Nine teachers in Catalonia are being singled out following accusations of hate speech and the subsequent disclosure of their identities. The educators, working at a high school in Sant Andreu de la Barca, a small town in the surroundings of Barcelona, are under investigation for allegedly criticizing Spanish police officers on October 2, a day after police cracked down on voters to stop a referendum on independence. Students included the children of police officers, who felt humiliated and went on to press charges against the professors.

The case has caught the attention of politicians across the spectrum, with some calling for disciplinary action against teachers, and others defending them and deeming the case as an attempt to undermine public education in Catalonia.

The School Education Council of Catalonia (CEC), a consultative body encompassing teachers, students and parents throughout Catalonia, came out in support of the teachers. “The public lynching of teachers is a great irresponsibility and undermines their rights in a democratic system” read a statement by CEC’s president.

Graffiti call teachers “Nazi separatists”

On Monday, tags appeared in the high school building listing the names and surnames of the professors under investigation, and calling them “Nazi-rats” and “Nazi separatists”.

The act of vandalism came a week after Spanish newspaper El Mundo published an article disclosing their identities, providing personal details and printing pictures of their faces. The title of the article was “The 9 Catalan teachers of infamy” (“Los 9 maestros catalanes de la infamia”).

Albert Rivera, the leader of Ciudadanos, the largest unionist party in Catalonia, shared the article via Twitter. He wrote: “The separatist teachers that publicly identified the children of Guardia Civil officers in Catalonia. The prosecutor is investigating them for hate speech, but the Spanish government says they will not take any disciplinary actions.
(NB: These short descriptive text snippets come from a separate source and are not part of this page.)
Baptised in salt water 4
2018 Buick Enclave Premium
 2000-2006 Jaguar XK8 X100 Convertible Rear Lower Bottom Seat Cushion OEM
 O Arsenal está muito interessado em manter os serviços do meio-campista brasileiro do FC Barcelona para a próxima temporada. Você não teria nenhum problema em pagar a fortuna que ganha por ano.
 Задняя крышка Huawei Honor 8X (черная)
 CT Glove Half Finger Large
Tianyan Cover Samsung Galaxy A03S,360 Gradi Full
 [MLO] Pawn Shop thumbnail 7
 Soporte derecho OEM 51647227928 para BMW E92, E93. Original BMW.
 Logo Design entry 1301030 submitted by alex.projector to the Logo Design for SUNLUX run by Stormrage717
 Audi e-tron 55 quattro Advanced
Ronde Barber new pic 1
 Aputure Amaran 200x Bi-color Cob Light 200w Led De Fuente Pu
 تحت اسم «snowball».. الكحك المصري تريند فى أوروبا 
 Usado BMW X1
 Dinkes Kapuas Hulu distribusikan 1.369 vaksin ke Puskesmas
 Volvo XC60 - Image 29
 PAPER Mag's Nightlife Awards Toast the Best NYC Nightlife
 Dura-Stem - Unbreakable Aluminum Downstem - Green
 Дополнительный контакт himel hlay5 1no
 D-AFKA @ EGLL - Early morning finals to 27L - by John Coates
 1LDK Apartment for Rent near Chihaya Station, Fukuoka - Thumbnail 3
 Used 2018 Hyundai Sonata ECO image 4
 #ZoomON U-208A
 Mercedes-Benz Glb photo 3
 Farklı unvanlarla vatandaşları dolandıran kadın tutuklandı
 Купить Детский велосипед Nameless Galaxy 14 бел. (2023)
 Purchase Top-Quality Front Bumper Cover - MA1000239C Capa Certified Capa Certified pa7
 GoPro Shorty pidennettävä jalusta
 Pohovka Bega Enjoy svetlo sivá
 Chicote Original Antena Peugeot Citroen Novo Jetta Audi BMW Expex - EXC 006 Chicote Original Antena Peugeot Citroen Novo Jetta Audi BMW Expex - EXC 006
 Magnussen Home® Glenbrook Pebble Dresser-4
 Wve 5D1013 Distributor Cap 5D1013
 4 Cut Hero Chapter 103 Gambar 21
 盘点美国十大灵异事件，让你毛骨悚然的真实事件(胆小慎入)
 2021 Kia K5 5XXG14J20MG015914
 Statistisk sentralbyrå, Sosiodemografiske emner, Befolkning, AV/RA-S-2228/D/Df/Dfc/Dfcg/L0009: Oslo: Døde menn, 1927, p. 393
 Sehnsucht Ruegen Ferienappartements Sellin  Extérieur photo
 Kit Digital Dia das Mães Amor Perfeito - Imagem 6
Cowardice can’t defeat nationalism”. Rivera’s tweet sparked criticism, with some denouncing him for not respecting the presumption of innocence.

Police officers whose children study in Sant Andreu de la Barca have received the support of the Spanish government, too. High ranking officials of the Spanish Education Department will meet with the parents next week to inform them of the ongoing investigation. The politicians “share their indignation with attitudes deemed as undemocratic, sectarian and inappropriate in a school”.

Demonstrations in support of professors

Meanwhile, the teachers under investigation also found support from a different side. On Monday, hundreds of people gathered in front of the high school to reject the “criminalization” of professors. The demonstration was called by former students.

Josep Lluís Alcázar, educator for 20 years and union delegate in the high school, stressed the need of “not singling anyone out” and respecting “the presumption of innocence.” In a radio interview, he said that an investigation by the Catalan Education Department revealed that the teachers were innocent, and asked for the report to be disclosed.

“Why is this report being hidden? We as a union, as CGT, were told that the reports says there is no evidence,” said Alcázar, saying that “the objective seems to be feeding confrontation in the high school and in the media.”

The Catalan Education Department is currently controlled by the Spanish government. Last October, Madrid used Article 155 of the Constitution to dismiss all Catalan government officials and impose direct rule.